**EXERCISE PROMPT**
Return the stretch from the line with "Jewelry 046 with price 2.49 BGN | € 1.27 Jewelry" through the line with "3958 Pineland Road, Varnville, SC" in the data below, character for character, skipping all pictures.

**DATASET RECORDS**
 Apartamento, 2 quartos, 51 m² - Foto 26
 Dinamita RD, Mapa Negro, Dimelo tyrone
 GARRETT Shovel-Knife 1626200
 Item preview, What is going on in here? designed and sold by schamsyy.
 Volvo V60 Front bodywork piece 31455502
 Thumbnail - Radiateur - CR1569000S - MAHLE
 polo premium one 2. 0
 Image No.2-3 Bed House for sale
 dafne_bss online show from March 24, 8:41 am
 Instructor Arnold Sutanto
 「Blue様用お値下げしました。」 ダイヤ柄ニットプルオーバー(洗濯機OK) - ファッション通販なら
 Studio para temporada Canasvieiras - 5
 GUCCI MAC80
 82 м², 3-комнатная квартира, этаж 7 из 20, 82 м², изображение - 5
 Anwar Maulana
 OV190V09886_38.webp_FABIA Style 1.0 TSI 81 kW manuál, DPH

--

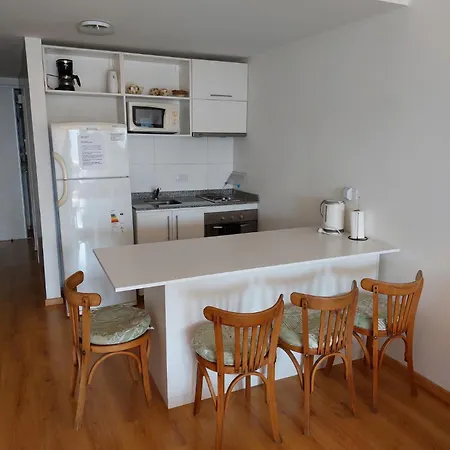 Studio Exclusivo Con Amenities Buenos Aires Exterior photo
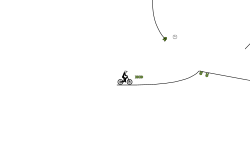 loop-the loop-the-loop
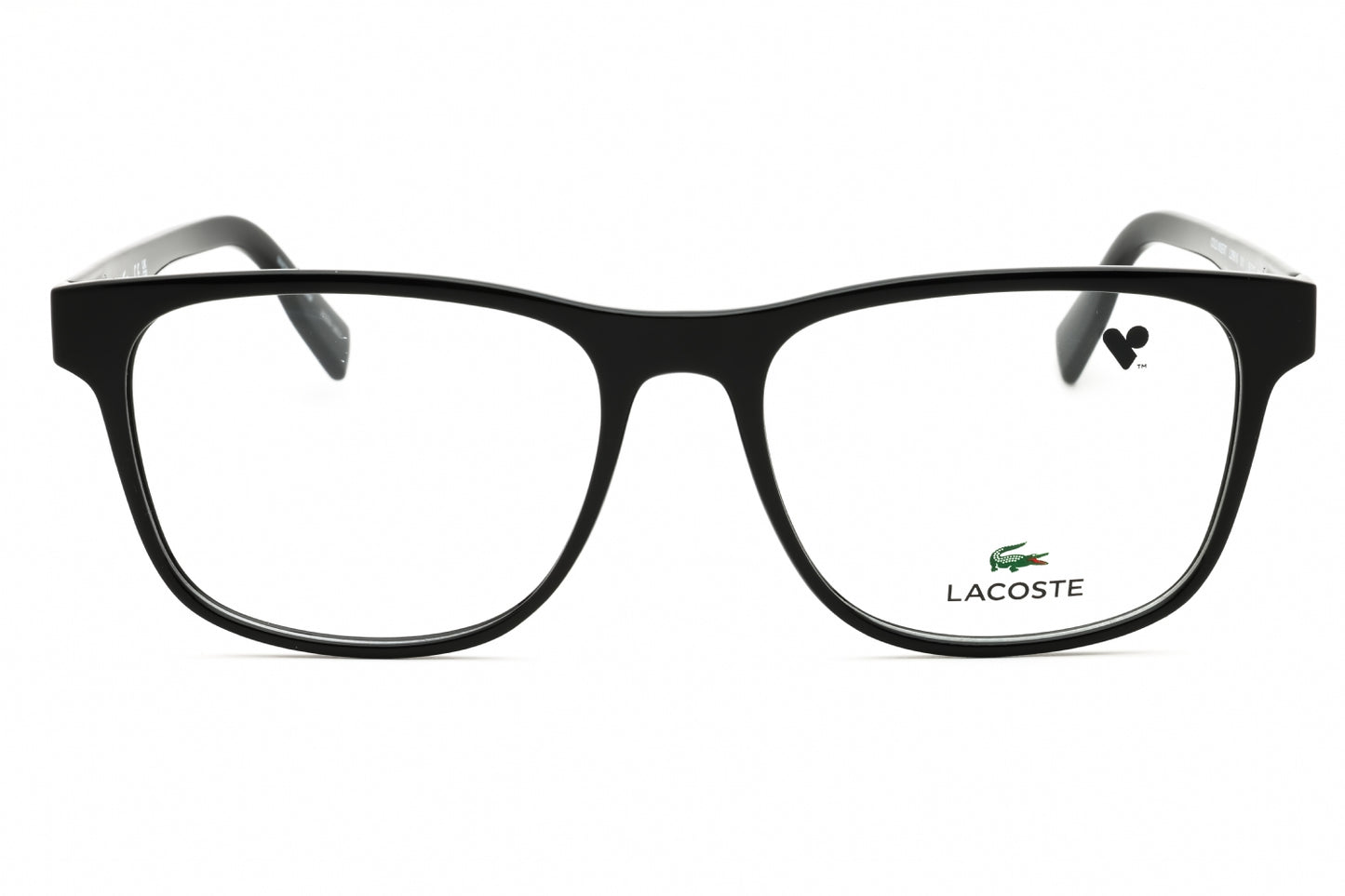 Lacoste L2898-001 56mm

* * *

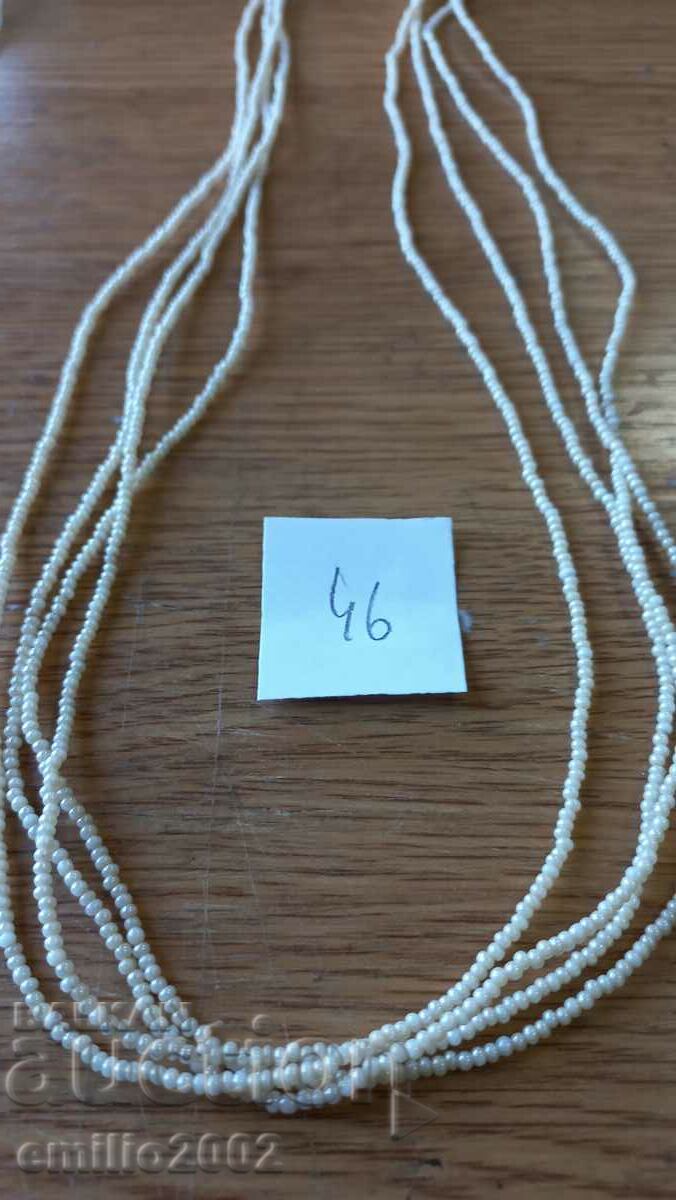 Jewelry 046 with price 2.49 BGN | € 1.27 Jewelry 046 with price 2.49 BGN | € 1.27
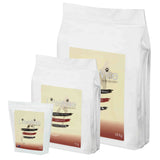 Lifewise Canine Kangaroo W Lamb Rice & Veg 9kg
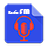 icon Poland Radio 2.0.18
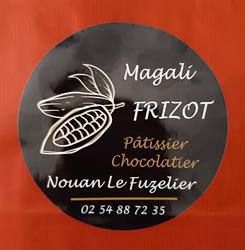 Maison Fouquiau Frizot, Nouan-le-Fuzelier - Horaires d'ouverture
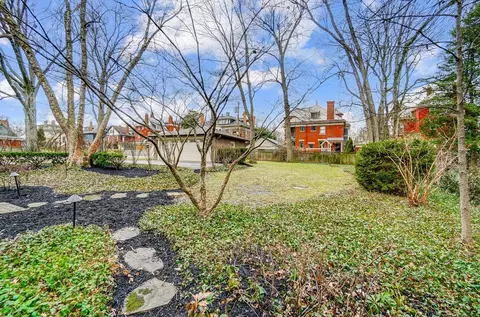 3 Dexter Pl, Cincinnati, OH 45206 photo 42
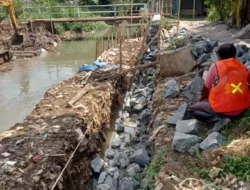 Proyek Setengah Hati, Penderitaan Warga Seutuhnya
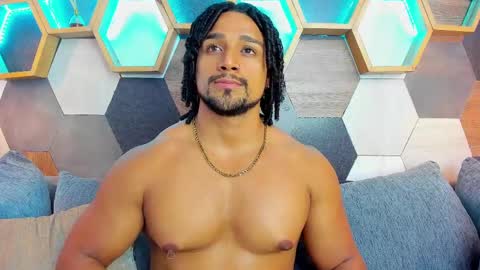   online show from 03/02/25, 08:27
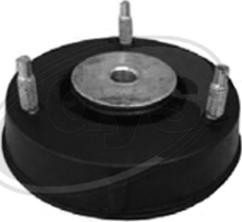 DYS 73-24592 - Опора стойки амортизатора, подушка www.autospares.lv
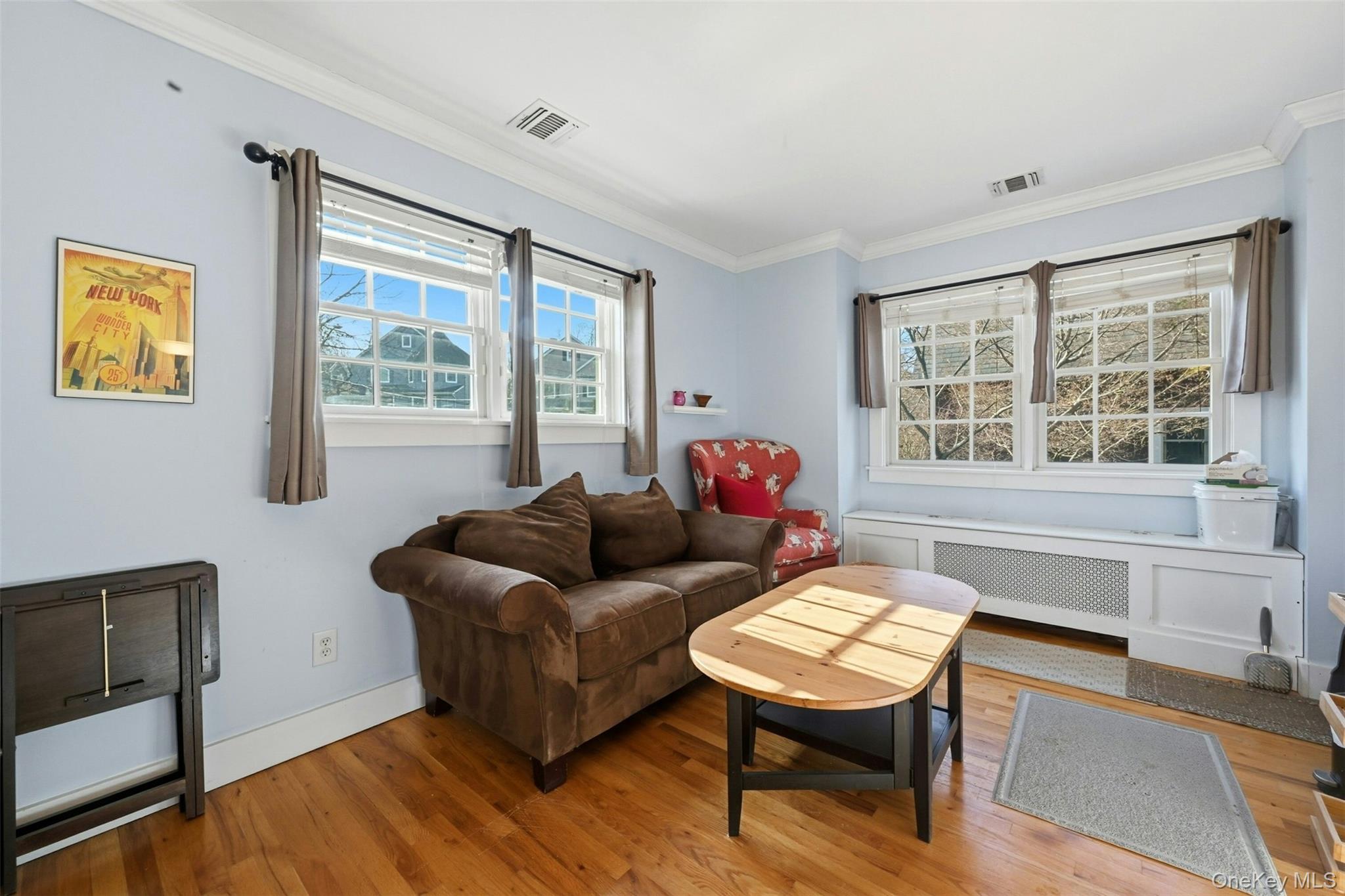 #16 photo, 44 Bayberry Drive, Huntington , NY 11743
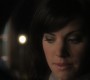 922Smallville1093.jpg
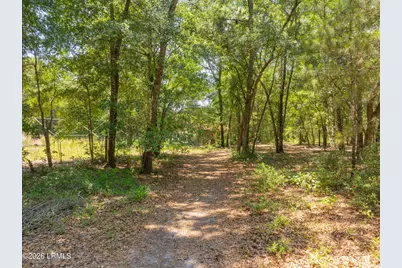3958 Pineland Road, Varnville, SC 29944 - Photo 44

**EXERCISE RESPONSE**
 Jewelry 046 with price 2.49 BGN | € 1.27 Jewelry 046 with price 2.49 BGN | € 1.27
 Lifewise Canine Kangaroo W Lamb Rice & Veg 9kg
 icon Poland Radio 2.0.18
 Maison Fouquiau Frizot, Nouan-le-Fuzelier - Horaires d'ouverture
 3 Dexter Pl, Cincinnati, OH 45206 photo 42
 Proyek Setengah Hati, Penderitaan Warga Seutuhnya
   online show from 03/02/25, 08:27
 DYS 73-24592 - Опора стойки амортизатора, подушка www.autospares.lv
 #16 photo, 44 Bayberry Drive, Huntington , NY 11743
 922Smallville1093.jpg
3958 Pineland Road, Varnville, SC 29944 - Photo 44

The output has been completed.